Of course, if this was only a male phenomenon, then you wouldn’t see films like “He’s Just Not That Into You” being made. If you haven’t seen it, the movie is a series of vignettes, all of which have the same message—if a guy isn’t putting the effort into a relationship, it’s because he doesn’t care about it as much as you do.
There was a (rather brilliant, in my opinion) British TV series called “Sugar Rush,” which starred both a young Andrew Garfield from the new Spider-man movie and Lenora Crichlow, who was the ghost in the original version of “Being Human.” It tells the story of teenage girl Kim, who develops an obsessive crush on an out-of-control, homophobic straight girl nicknamed Sugar. The show’s two series chronicle Kim’s progress from straight girl with a single, anomalous crush, to promiscuous lesbian, to lesbian in a committed relationship. Every gay woman I’ve ever met says “Sugar Rush” is the story of their adolescence. So it seems the Friend Zone, quite logically, isn’t even just a specifically heterosexual problem.
There’s been a lot of angry words passed back and forth between men who think the Friend Zone is some sort of female conspiracy and women who think it’s patriarchal propaganda. Personally, I think it has very little to do with the battle of the sexes. It’s just a mistake people make—on one side for being a bad loser in love and, sometimes, on the other for not giving someone who cares about you a chance.
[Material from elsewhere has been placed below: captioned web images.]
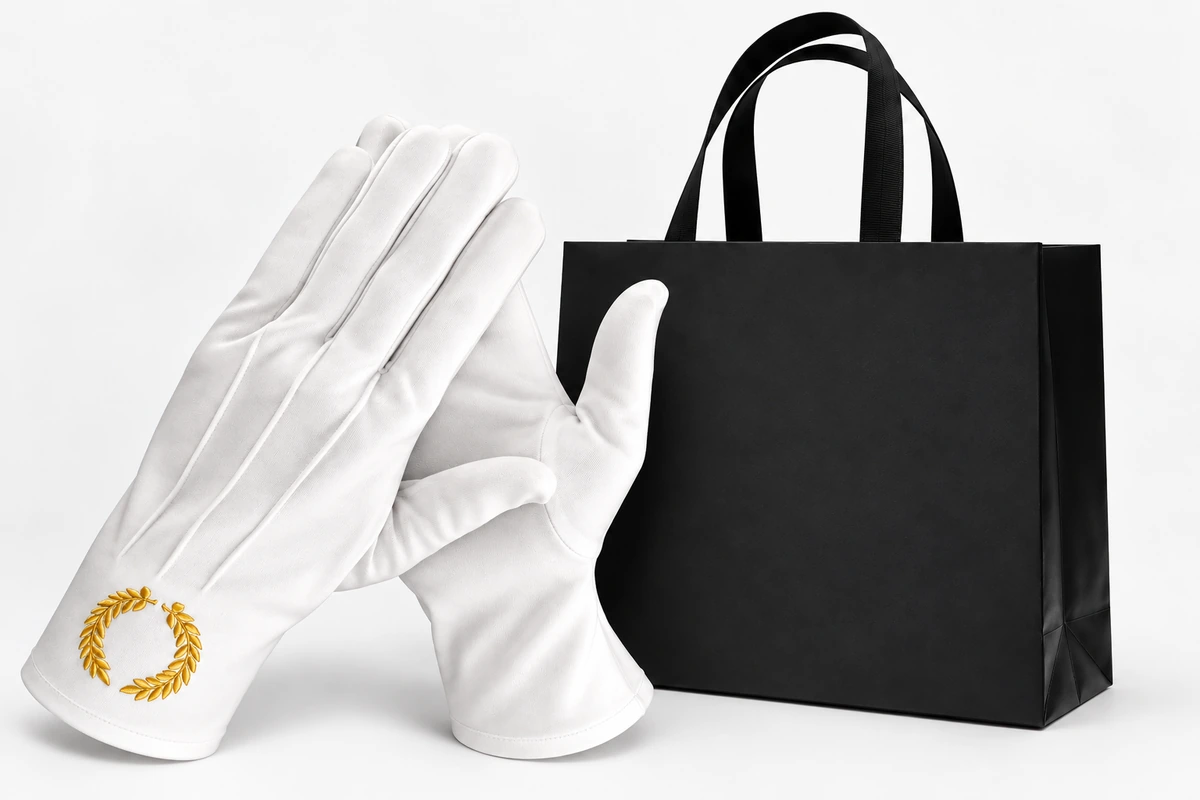 White gloves with gold cuff embroidery beside a black handled bag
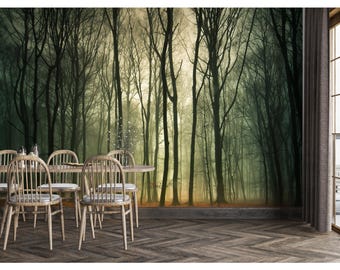 Moody Mystery Foggy Forest Wallpaper - Bedroom Living Room Dark Trees Wallcovering Peel and Stick, Unpated Wall Paper Mural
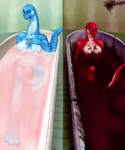 4_fingers 4_toes anthro arm_by_side arms_in_water barefoot bath bathtub bent_arm big_breasts biped blood blood_bath blood_on_arm blood_on_breast blood_on_hand blood_on_leg blood_on_tail blood_on_wall blue_body blue_skin bodily_fluids breasts claws ear_piercing ear_ring facial_piercing feet female fingers foot_out_of_water fully_submerged_leg gore_focus hand_out_of_water high-angle_view jewelry knee_out_of_water leg_out_of_water nipples non-mammal_breasts non-mammal_nipples nose_piercing nude partially_submerged piercing red_body red_skin ring_piercing solo straight_arm submerged_arms submerged_leg submerged_legs submerged_tail supported_tail tail tail_out_of_water tattoo toes water what white_body white_skin unknown_artist jurassic_beauties brenda_sawruss thorne_(jurassic_beauties) apatosaurus deinonychus dinosaur diplodocid dromaeosaurid prehistoric_species reptile sauropod sauropodomorph scalie theropod 5:6 multiple_images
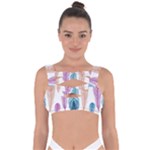 Pen Peacock Colors Colored Pattern Bandaged Up Bikini Top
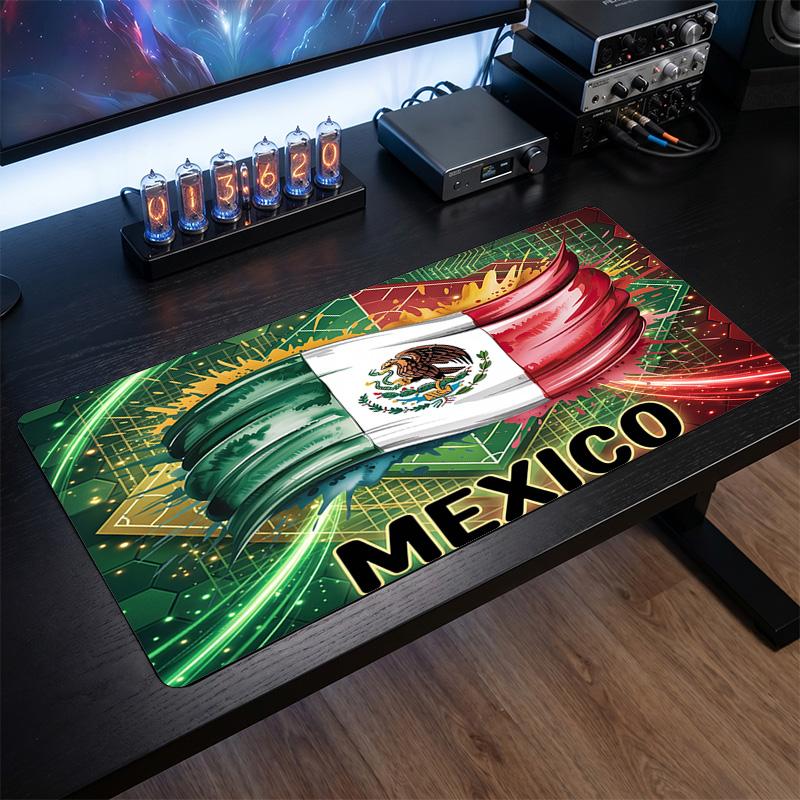 Mexico footbal Crest Mouse Pad, Extended Non Slip Rubber Desk Mat for Gaming Office Laptop Fan Gift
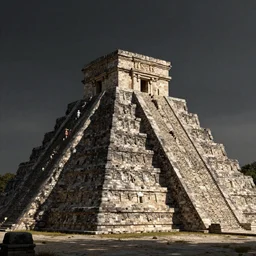 a photorealistic hyperrealistic render of a stone temple at the top of a aztec ziggurath, scene by greg rutkowski, wlop, artgerm, dramatic lighting, strong shadows, volumetric, cinematic atmosphere, octane render, artstation, 8 k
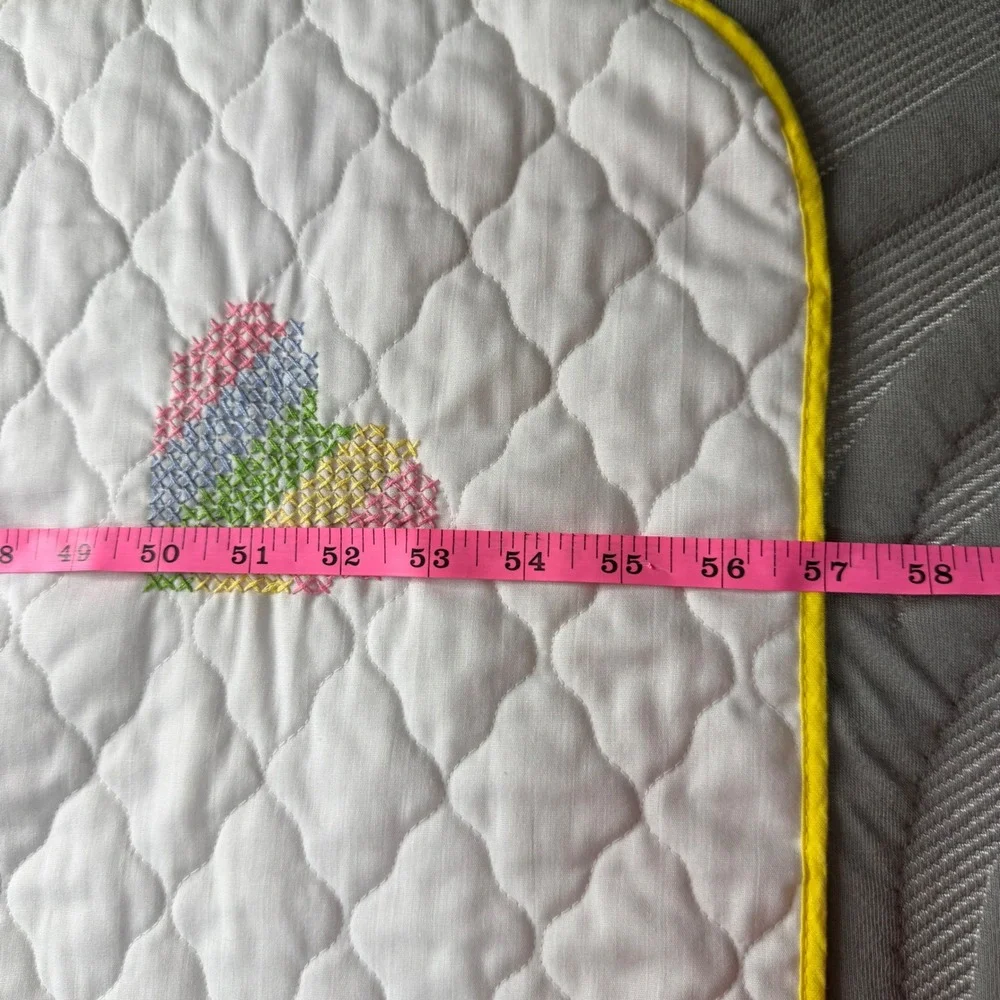 VTG Paragon Needlecraft Baby Quilt Bear Bunny Hot Air Balloon Cross Stitch 37x57
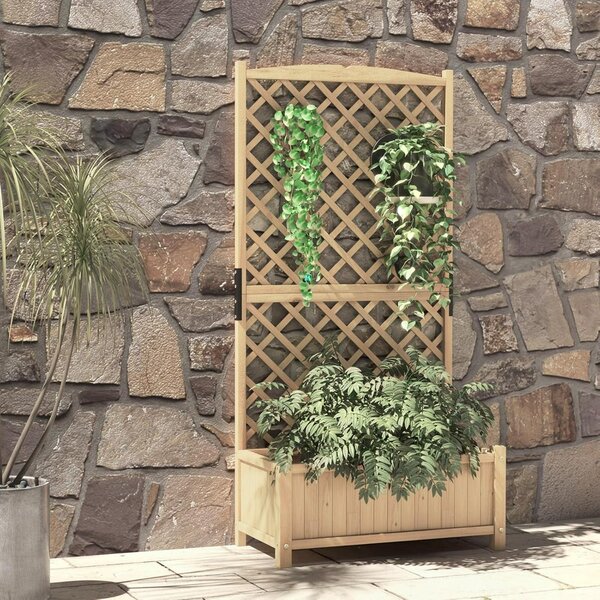 Costway Letto da giardino rialzato con fioriera traliccio fori di drenaggio, Fioriera in legno 180cm da esterno Naturale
Following one awkward kiss and several weeks of avoiding each other, she and I had resumed our platonic relationship. In the depths of my loneliness, it occurred to me that I really had very few prospects other than this girl, who I trusted completely, found very attractive (though I wouldn’t admit it) and loved spending time with. My conclusion? Text her and ask if she wanted to be fuck buddies on the condition that we kept it a secret.
Reticently, she agreed to meet up and see how things went. So, I jumped on the bus into town and we met at one of our regular hang outs. She had never looked so awe-inspiringly beautiful as she did that day—in fact, I maintain that no woman has ever looked as beautiful. We walked, we talked, we did all the things we normally did… then we kissed… then we kissed some more.
I had something of an epiphany. Here I was, kissing a beautiful girl who I really cared about and had a fantastic time with. Why precisely was I embarrassed for anyone to know? In fact, why did I want to restrict our relationship to just sex?
That was twelve years ago. Last year we were married. This year, she gave birth to my son.
If you’re looking for the love of your life, the person I’d choose is the person who refused to give up on being with you even when you rejected them. I think you’ll often find the right person is the “wrong” person stuck in your Friend Zone.